Was Einstein wrong when he said nothing can go faster than the speed of light? [duplicate]

If the universe is constantly expanding faster than the speed of light, how could Einstein be right?

• – BMS
Commented Mar 11, 2014 at 20:26
• Possible duplicates: physics.stackexchange.com/q/26549/2451 and links therein. Commented Mar 11, 2014 at 20:27
• @BMS, that Wikipedia article is incorrect. If you computed the separation velocity of objects moving with the Hubble flow as comoving distance over cosmological time, you would get zero. That's the whole point of comoving coordinates. FTL recession velocity is what you compute if you take proper distance over cosmological time.
– user27578
Commented Mar 11, 2014 at 21:23
• The universe isn't constantly expanding. It's accelerating... discovered in 1998. Commented Mar 12, 2014 at 5:53
• Define "nothing" here.. Einstein never said nothing. Commented Mar 12, 2014 at 6:12

In SR, there are global inertial reference frames and, in this context,

no object moving with speed less than c in one reference frame moves with speed equal to or greater than c in any reference frame.

But, in GR, in a curved spacetime,

there are no global inertial reference frames.

Instead, there are local inertial reference frames. We say that, tangent to each event in spacetime is a flat spacetime, i.e., in the infinitesimal neighborhood of an event, spacetime is flat to first order.

So, in this tangent spacetime, SR holds.

But, we must be much more careful in a general spacetime as in, for example, a universe undergoing a metric expansion of space.

In such a spacetime, the very notion of distance and relative speed is far more subtle and complex than in the flat spacetime of SR. In fact, there are multiple notions of distance and relative speed that must be 'grokked' to sort all of this out.

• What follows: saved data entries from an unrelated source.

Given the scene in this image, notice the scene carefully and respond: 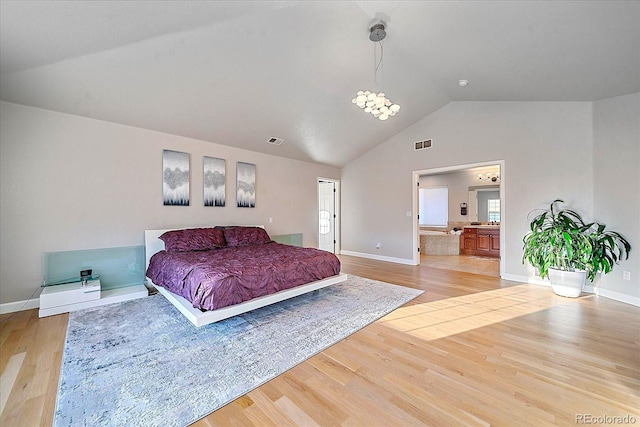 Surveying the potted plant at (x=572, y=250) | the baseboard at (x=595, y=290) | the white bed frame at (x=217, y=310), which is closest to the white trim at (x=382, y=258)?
the baseboard at (x=595, y=290)

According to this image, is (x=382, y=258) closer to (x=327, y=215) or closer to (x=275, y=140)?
(x=327, y=215)

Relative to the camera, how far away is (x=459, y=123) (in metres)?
5.13

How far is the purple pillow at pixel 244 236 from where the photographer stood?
456cm

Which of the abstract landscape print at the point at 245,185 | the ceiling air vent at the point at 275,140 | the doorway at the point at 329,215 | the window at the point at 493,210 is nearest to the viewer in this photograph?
the ceiling air vent at the point at 275,140

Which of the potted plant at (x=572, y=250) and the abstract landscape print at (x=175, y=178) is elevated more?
the abstract landscape print at (x=175, y=178)

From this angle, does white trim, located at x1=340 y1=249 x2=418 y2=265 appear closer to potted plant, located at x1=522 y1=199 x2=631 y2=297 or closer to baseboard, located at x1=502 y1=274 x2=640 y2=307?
baseboard, located at x1=502 y1=274 x2=640 y2=307

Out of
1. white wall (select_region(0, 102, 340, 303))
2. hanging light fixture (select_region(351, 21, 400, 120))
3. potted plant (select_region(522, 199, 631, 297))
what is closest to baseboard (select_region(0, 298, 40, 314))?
white wall (select_region(0, 102, 340, 303))

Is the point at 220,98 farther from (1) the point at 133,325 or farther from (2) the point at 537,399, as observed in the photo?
(2) the point at 537,399

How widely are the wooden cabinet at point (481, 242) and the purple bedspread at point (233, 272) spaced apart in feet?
17.1

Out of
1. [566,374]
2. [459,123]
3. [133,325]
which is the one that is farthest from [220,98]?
[566,374]

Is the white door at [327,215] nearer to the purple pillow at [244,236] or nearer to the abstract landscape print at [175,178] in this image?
the purple pillow at [244,236]

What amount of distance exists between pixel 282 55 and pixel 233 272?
268 centimetres

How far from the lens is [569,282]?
11.9ft

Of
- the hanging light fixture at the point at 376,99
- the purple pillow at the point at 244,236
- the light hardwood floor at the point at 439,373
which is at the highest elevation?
the hanging light fixture at the point at 376,99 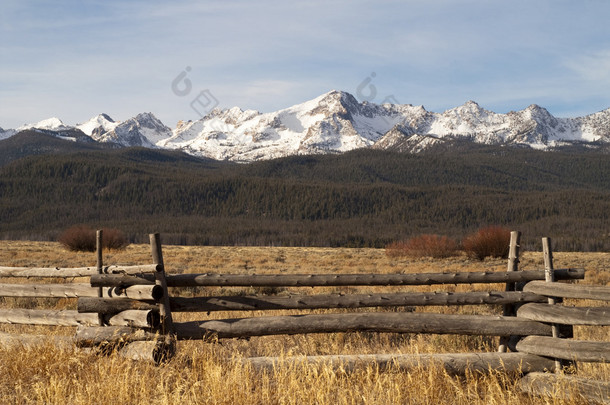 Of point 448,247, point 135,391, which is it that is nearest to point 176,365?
point 135,391

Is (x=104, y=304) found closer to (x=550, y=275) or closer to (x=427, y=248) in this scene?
(x=550, y=275)

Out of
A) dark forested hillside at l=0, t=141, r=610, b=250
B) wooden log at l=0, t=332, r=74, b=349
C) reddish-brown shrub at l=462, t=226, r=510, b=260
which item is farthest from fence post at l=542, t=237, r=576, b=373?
dark forested hillside at l=0, t=141, r=610, b=250

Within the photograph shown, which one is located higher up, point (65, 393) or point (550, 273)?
point (550, 273)

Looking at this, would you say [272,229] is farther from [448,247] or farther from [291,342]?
[291,342]

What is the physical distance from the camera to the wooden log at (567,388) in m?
6.12

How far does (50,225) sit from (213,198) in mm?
57263

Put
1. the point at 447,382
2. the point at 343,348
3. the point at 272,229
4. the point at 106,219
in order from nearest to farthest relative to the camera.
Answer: the point at 447,382
the point at 343,348
the point at 272,229
the point at 106,219

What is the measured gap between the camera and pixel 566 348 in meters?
6.99

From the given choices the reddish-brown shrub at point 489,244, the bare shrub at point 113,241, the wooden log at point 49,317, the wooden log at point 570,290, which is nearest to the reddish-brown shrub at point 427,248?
the reddish-brown shrub at point 489,244

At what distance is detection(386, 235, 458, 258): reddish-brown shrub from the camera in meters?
52.2

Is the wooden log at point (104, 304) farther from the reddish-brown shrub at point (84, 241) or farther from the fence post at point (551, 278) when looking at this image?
the reddish-brown shrub at point (84, 241)

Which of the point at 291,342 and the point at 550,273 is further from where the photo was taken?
the point at 291,342

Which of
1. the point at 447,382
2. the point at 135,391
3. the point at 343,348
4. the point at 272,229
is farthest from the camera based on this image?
the point at 272,229

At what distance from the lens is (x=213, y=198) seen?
654ft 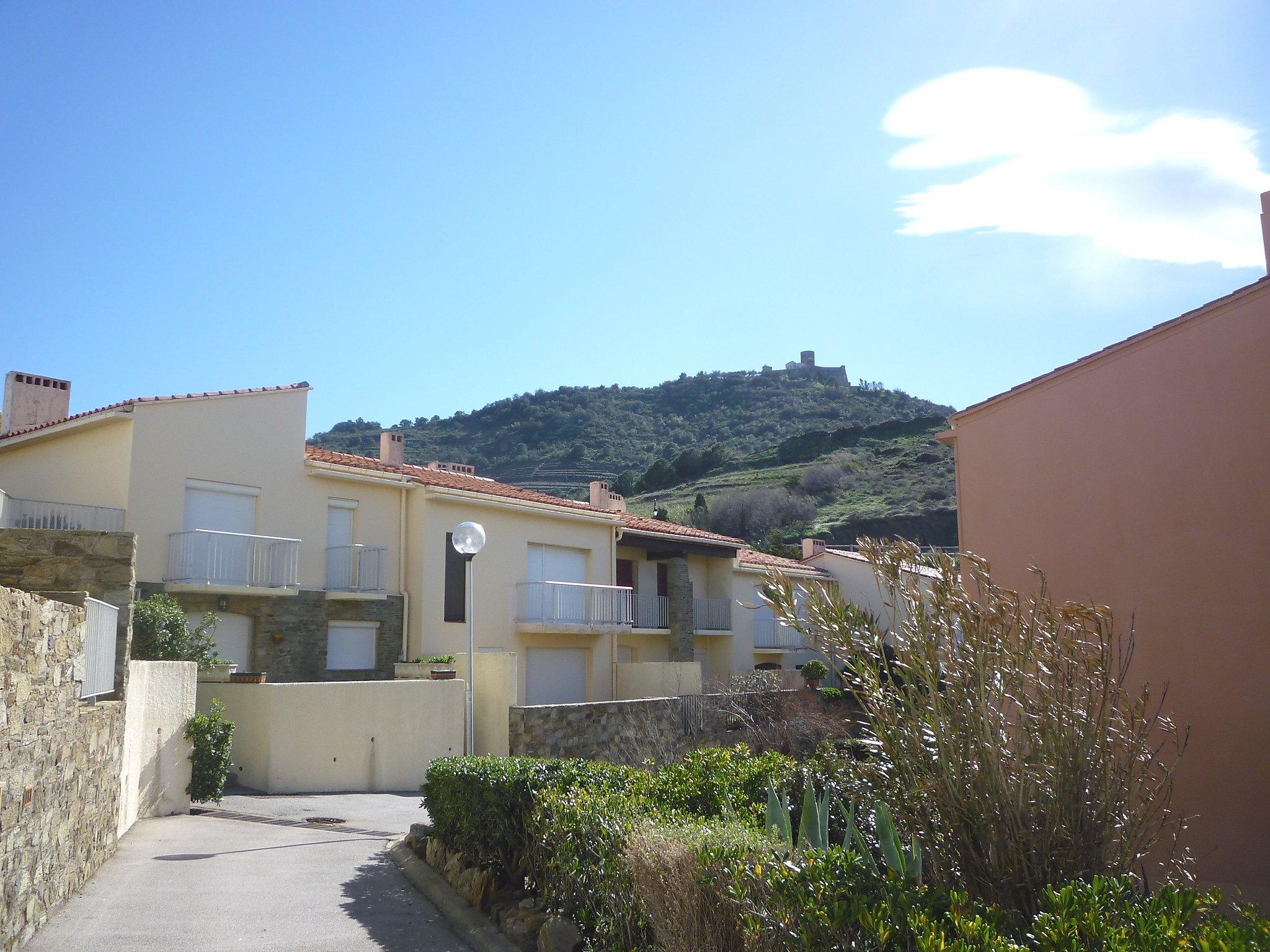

From the Wikipedia article linked above:

Because this expansion is caused by relative changes in the distance-defining metric, this expansion (and the resultant movement apart of objects) is not restricted by the speed of light upper bound of special relativity which is a constraint only on the speed matter can obtain from boosts from one reference frame to another. Two references frames that are globally separated can be moving apart faster than light without violating special relativity, though whenever two reference frames diverge from each other faster than the speed of light, there will be observable effects associated with such situations including the existence of various cosmological horizons.

In other words, one must be very careful in translating results from the flat spacetime of SR to the curved spacetime of GR.

A better way to think of it would be that space is being added to the universe; the universe is not "moving".

Consider the case of two stars. The expansion of the universe doesn't cause the stars to "move" away from each other. Rather, space is created between the stars, resulting in them being further apart.

This consequently, doesn't violate general relativity.

• This is wrong notion. By this theory, you can exactly pin-point the region in Universe where Big Bang happened. Remember, Big Bang happened everywhere.. At every point of the Space. So, there's no new space. The extra space you get is old and was part of Big Bang seed. Commented Mar 12, 2014 at 5:57

In Special Theory of Relativity, all inertial reference frames are able to communicate with each other to share their results. And, they all agree with the value of c and related conclusions.

In General Theory of Relativity, it's not always true. There are situations when two inertial reference frames may not be able to communicate with each other. In such situations, Einstein's Relativity is no longer valid as we have no way to compare results of both reference frames.

When it comes to universe's expansion (which is actually expansion of Spacetime) and we calculate speed of a point on one edge of universe with respect to a point on opposite edge of the universe, we actually cheat. We aren't allowed for such calculations as per General Theory of Relativity. Both points are separated in such a way that reference frames attached to them can't communicate with each other. That's it.